It has taken owner Mark Seagate 10 years to renovate the former Prince of Waterloo pub in Minster village on the Isle of Sheppey and turn it into Banks.
After a “soft launch” only opening for lunch Tuesdays to Sundays the 40-seat restaurant is now taking evening bookings for Thursdays, Fridays and Saturdays.
Head chef James ‘Bernard’ Johnson, 40, who gave up a career in sales to retrain, said: “The feedback so far has been really good. We don’t have one particular style for our menu. We pick the best of English, French and Italian dishes and serve them with our own special flair.”

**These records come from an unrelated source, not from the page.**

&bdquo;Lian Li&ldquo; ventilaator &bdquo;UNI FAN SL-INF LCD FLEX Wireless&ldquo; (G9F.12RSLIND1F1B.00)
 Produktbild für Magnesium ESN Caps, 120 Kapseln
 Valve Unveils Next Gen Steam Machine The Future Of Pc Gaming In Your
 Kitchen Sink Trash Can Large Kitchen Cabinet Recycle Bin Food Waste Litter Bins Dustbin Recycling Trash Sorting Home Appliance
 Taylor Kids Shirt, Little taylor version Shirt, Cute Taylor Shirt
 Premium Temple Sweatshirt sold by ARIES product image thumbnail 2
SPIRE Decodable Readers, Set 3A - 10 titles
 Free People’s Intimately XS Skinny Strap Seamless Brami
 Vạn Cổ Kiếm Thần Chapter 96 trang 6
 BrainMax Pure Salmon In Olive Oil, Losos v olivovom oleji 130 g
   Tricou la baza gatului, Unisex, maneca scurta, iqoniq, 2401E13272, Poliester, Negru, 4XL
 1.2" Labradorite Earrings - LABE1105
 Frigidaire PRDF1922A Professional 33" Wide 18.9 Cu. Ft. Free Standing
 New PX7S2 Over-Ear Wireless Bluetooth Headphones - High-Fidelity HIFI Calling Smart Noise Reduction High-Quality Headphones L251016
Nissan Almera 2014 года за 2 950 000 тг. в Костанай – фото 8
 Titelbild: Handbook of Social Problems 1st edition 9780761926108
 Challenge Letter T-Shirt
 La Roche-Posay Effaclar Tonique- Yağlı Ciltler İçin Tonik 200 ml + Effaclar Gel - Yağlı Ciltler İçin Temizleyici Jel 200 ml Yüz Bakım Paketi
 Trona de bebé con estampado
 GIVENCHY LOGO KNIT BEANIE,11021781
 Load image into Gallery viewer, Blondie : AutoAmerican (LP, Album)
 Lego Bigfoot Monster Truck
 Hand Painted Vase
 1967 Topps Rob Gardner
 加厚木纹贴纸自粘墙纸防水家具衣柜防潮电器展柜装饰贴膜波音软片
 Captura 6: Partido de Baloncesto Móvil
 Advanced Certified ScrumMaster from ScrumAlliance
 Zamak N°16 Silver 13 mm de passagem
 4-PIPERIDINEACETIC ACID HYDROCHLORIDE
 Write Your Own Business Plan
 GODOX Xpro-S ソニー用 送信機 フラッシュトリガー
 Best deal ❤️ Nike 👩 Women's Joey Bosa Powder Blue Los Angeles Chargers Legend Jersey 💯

Joining him in the open-plan kitchen, which can be viewed by the diners as the meals are prepared, are sous chef Gee, Blake Verlin and Ashleigh Hutchison.
Heading the six-strong front of house team is manager Emily Fuller, 24, who was previously at the Ferry Inn at Harty.
Bernard, a dad of two who was formerly head chef at the boutique Clarendon Royal Hotel in Gravesend, said: “All the staff are from the Island except me. I live in Lenham. But my aunty Patsy, who first inspired me to cook, lives on Sheppey. The Island is like a second home to me.”
It was her who put him in touch with the owner.
Bernard said: “Mark and I sat down for a chat and realised we both shared a similar vision for this place.”
Mark, 66, a builder, bought the run-down pub with his cousin Paul Dare in 2011 for £120,000 and has since spent thousands more renovating it from top to bottom. All the electrics and plumbing have had to be replaced, the walls and roof repaired and the once-dank cellar is now a wine vault.
He admitted: “It has taken a long time. It was falling apart and needed an awful lot of work but we are now open.”
He added: “I come from London but we stayed at a caravan at Sheerness for our holidays as boys. People ask why we want to open a restaurant on Sheppey but it is a wonderful location and, crucially, there aren’t any other restaurants like us. We are hoping to attract the ‘foodies’. If they can go to Read’s at Faversham or the Sportsman at Seasalter then I don’t see why they won’t want to come to Sheppey.”
There has been a pub on the site of the former Prince of Waterloo since 1633. Historians believe it was visited by author Charles Dickens who based a number of his characters on Island people when he was living in Blue Town.
The pub has been renamed Banks in honour of architect Sir Edward Banks who built the Royal Hotel in Sheerness, designed most of the town and created Sheppey Court which was once an imposing mansion.
He worked under engineer John Rennie on the Lancaster and Ulverston canals.The pair built lighthouses, prisons and bridges including Waterloo, Southwark and London bridges – for which Banks was knighted in 1822.
They also created new channels for the rivers Ouse, Nene and Witham in Norfolk and Lincolnshire and built Sheerness Dockyard.
Banks was also chief controller in Jolliffe and Banks, a partnership between him and William John Joliffe.